The meeting will be held outside Whately Elementary School on Tuesday, June 18, at 6 p.m. The $6.4 million operating budget represents a 6.3% increase over the current year’s figures, with several factors driving the increases, including a $108,000 increase from Whately Elementary School and $89,000 from Frontier Regional School.

“We got some pretty big hits from the schools,” explained Selectboard Chairman Fred Baron, emphasizing they don’t want to undercut funding for the schools. “For a year where we’ve got so many big hits, I really don’t think it’s a bad budget.”

To take the load off residents, Article 10 requests a transfer of $225,000 from free cash to reduce the tax levy.

Capital requests

Residents also will be asked to consider six capital appropriations relating to the elementary school, Highway Department, Police Department and S. White Dickinson Memorial Library.

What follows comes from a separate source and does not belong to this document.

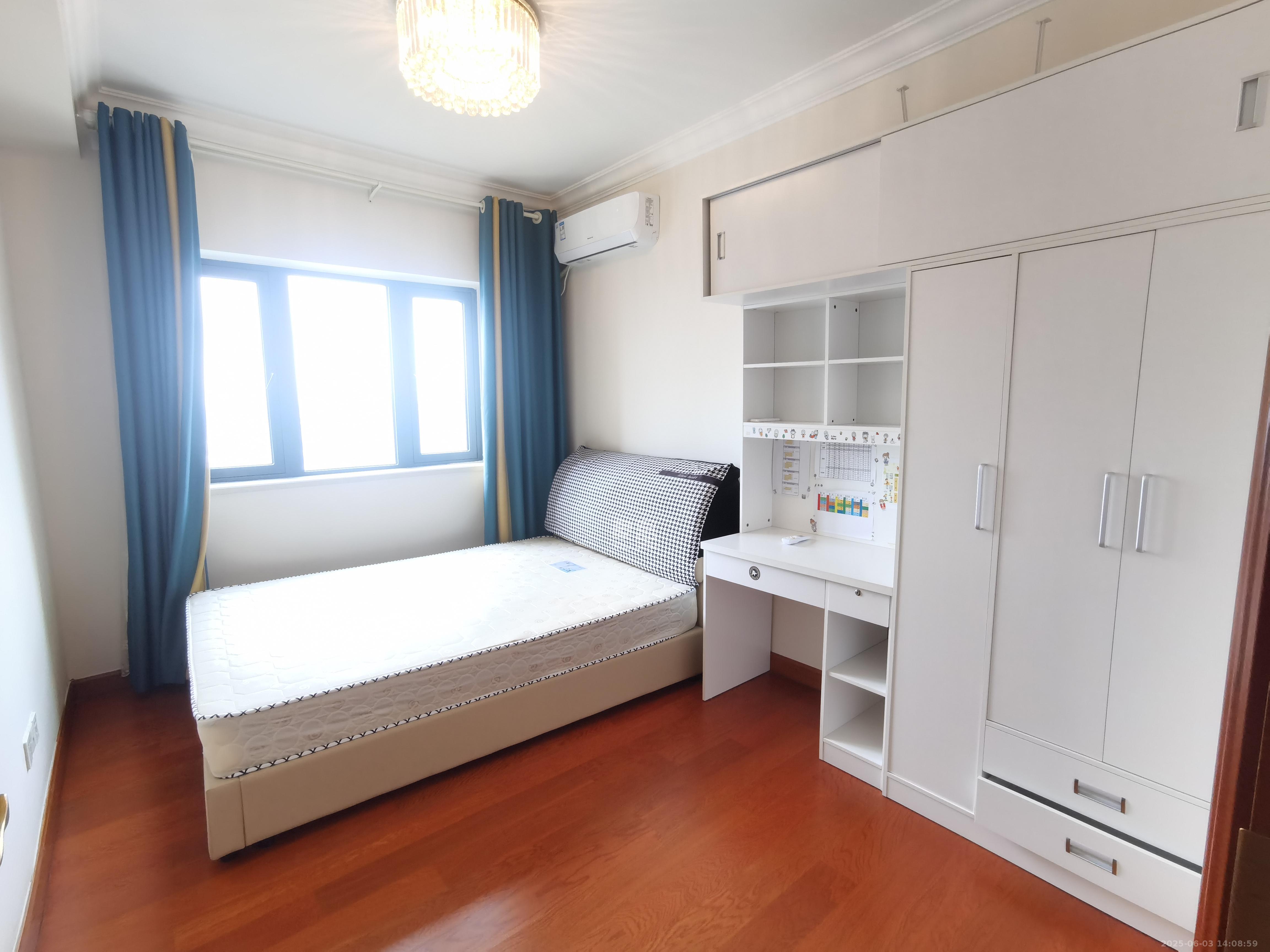恒大翡翠华庭  3室2厅2卫   2300.00元/月室内图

Articles 13 through 15 ask residents to transfer free cash amounts of $54,000, $10,000 and $13,500, respectively, for the installation of electrical subpanels, the purchase and installation of preschool restroom flooring and the installation of exterior doors at Whately Elementary School.

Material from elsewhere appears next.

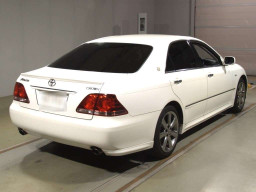 2005 Toyota Crown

Article 16 asks residents to appropriate $30,000 from the Vehicle Stabilization Account and $36,000 from free cash for the purchase of a hybrid pickup truck for the Highway Department, which will replace its current 15-year-old truck. Similarly, Article 18 asks voters to transfer $65,000 from free cash to buy and equip a hybrid cruiser for the Police Department.

Baron said money is needed to maintain the school’s old building and all department equipment needs to be replaced at some point in time, but the town tries “to get as much life out of the capital investments” as possible.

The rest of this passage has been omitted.